(Given information)

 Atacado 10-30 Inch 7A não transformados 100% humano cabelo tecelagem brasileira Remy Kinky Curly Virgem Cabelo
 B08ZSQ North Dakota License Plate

(End Given information)
(Given information)

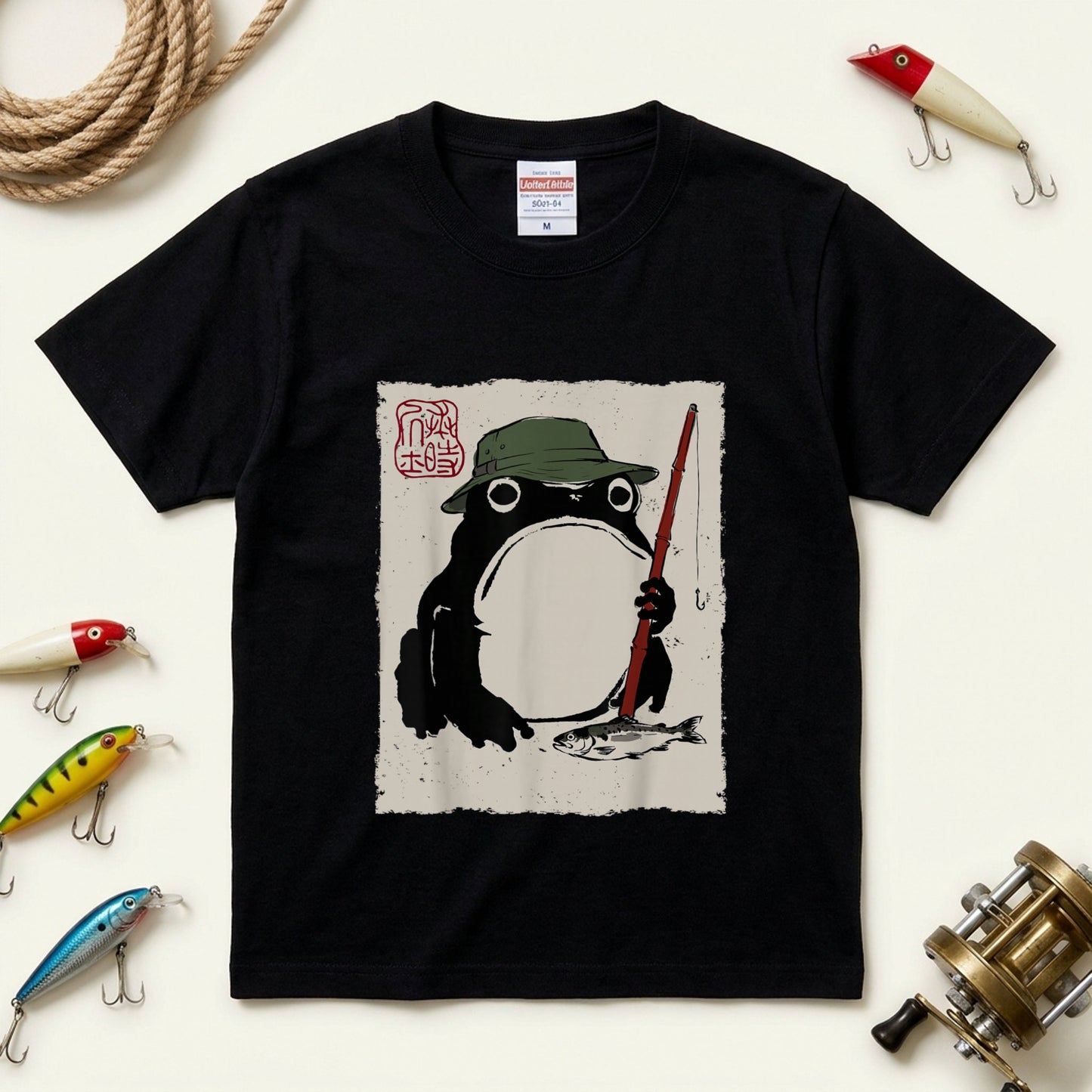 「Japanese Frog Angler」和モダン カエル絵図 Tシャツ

(End Given information)

_What you will do_
Only the lines above from the one with "Atacado 10-30 Inch" up to and including the one with "B08ZSQ North Dakota License Plate" should be repeated, exactly as written.

_Response to the exercise_
 Atacado 10-30 Inch 7A não transformados 100% humano cabelo tecelagem brasileira Remy Kinky Curly Virgem Cabelo
 B08ZSQ North Dakota License Plate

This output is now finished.